I just finished The Mermaid Chair, a novel I started around a year ago, stopping many times to read almost 15 books in between the first and last pages. For some reason, I picked it up from my library a week ago, finishing almost 300 pages in 7 days. Now let me start by giving it a rating: I’d say 2 stars (out of five). I do not understand how it was a bestseller!

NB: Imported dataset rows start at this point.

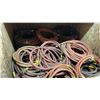 Image 2 : PALLET CRATE OF HEAVY DUTY INDUSTRIAL COMPRESSOR AIR HOSE *PALLET CRATE INCLUDED*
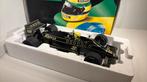 F1 lotus renault 98t ayrton senna 1986 minichamps 1.18, Ophalen of Verzenden, A, A, A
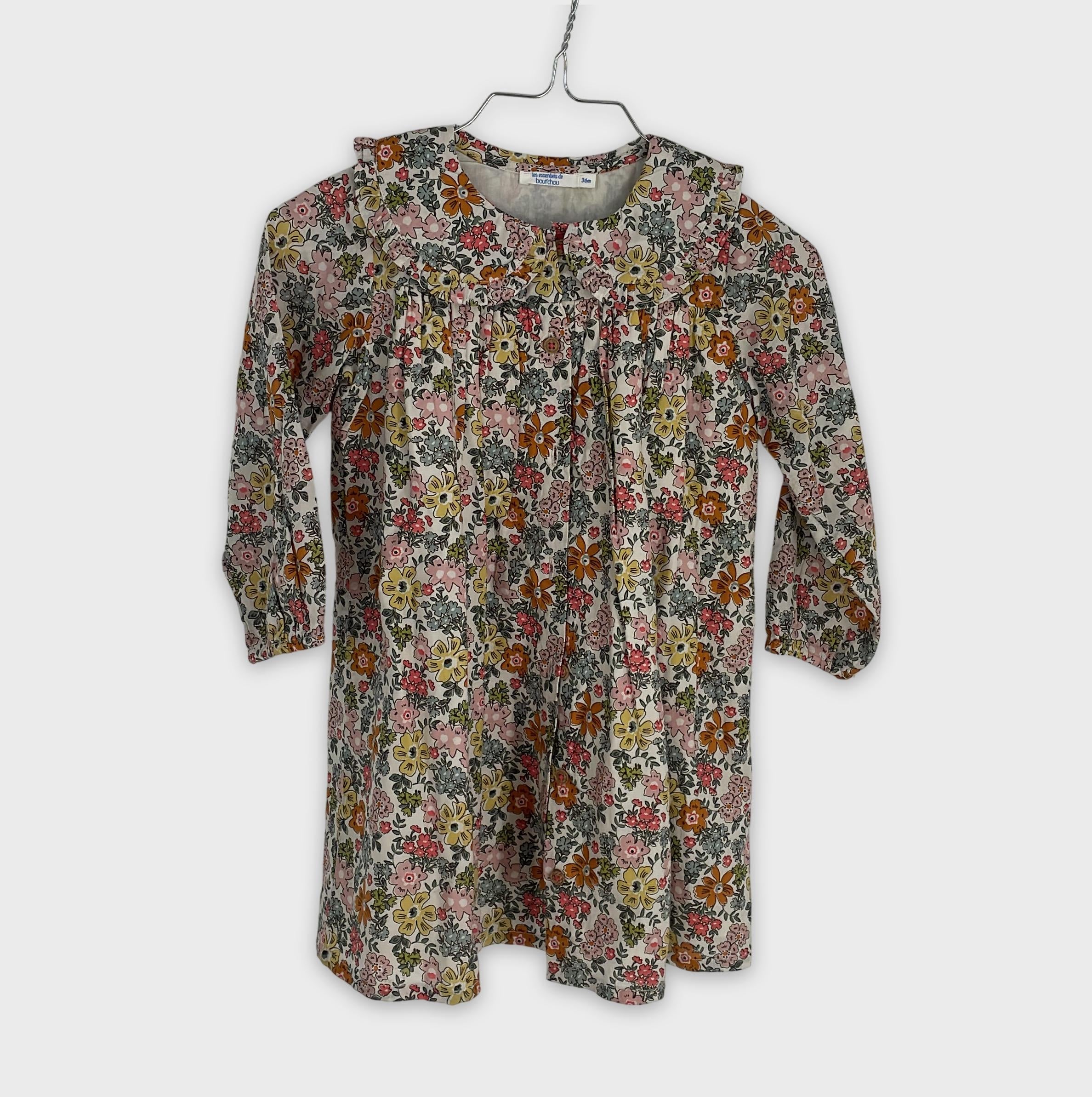 0-Les essentiels de bout'chou - Robe - 36m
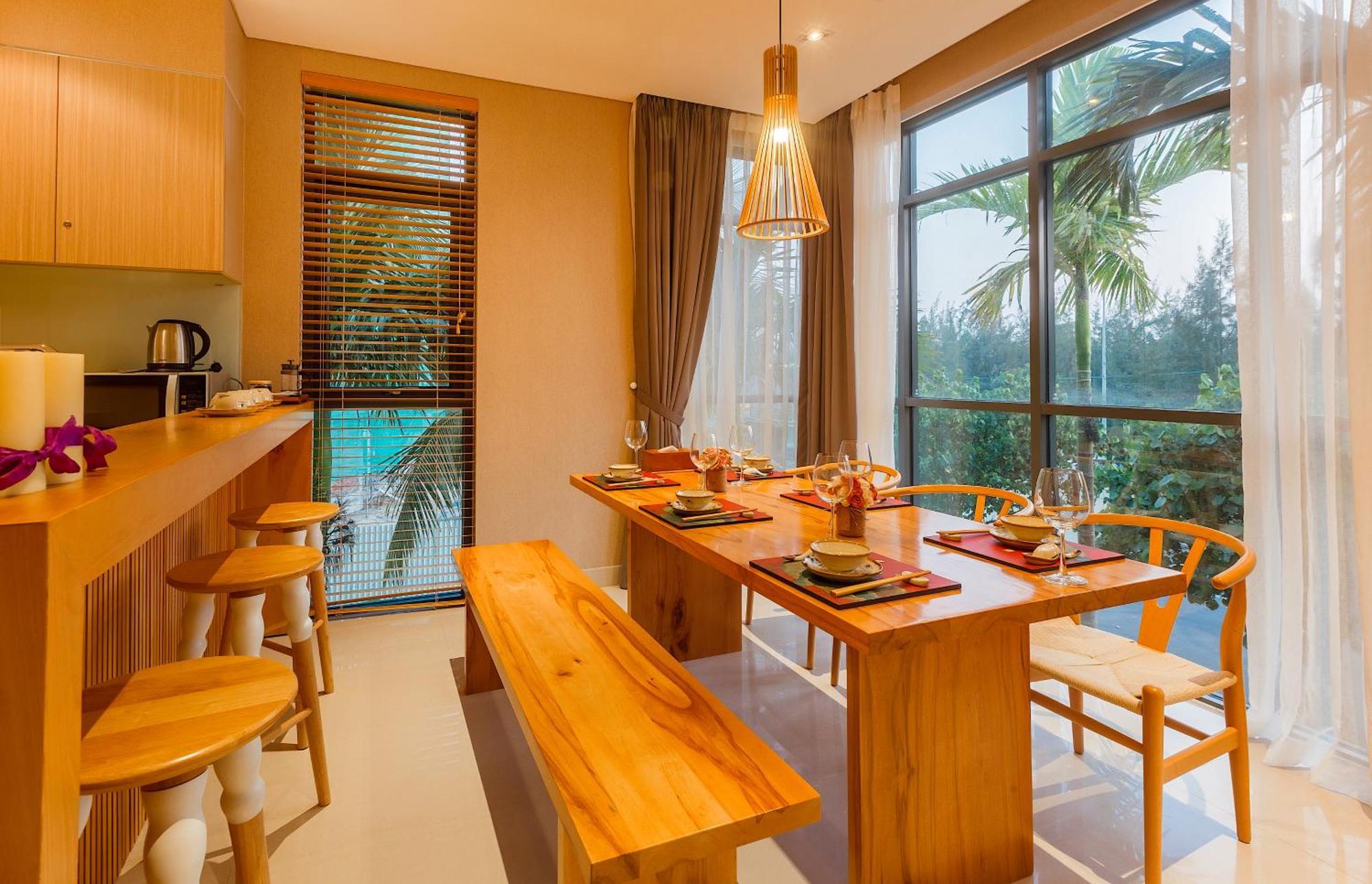 Maha Mangala Zen Garden & Residence Da Nang Exterior photo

So, what is wrong with the book? Flat. Although there is a lot of diving into the minds of some of the characters, yet it’s as if you’re seeing someone is striving inside whether to go to the shoemaker or to go grocery shopping! Kidd could not get me emotionally involved but in the last 70 pages. The main plot of the novel (Jessie falling out of marriage and in love with a monk) is not closely as interesting as the sub-plot (the reasons behind Jessie’s mother cutting her fingers one after the other). 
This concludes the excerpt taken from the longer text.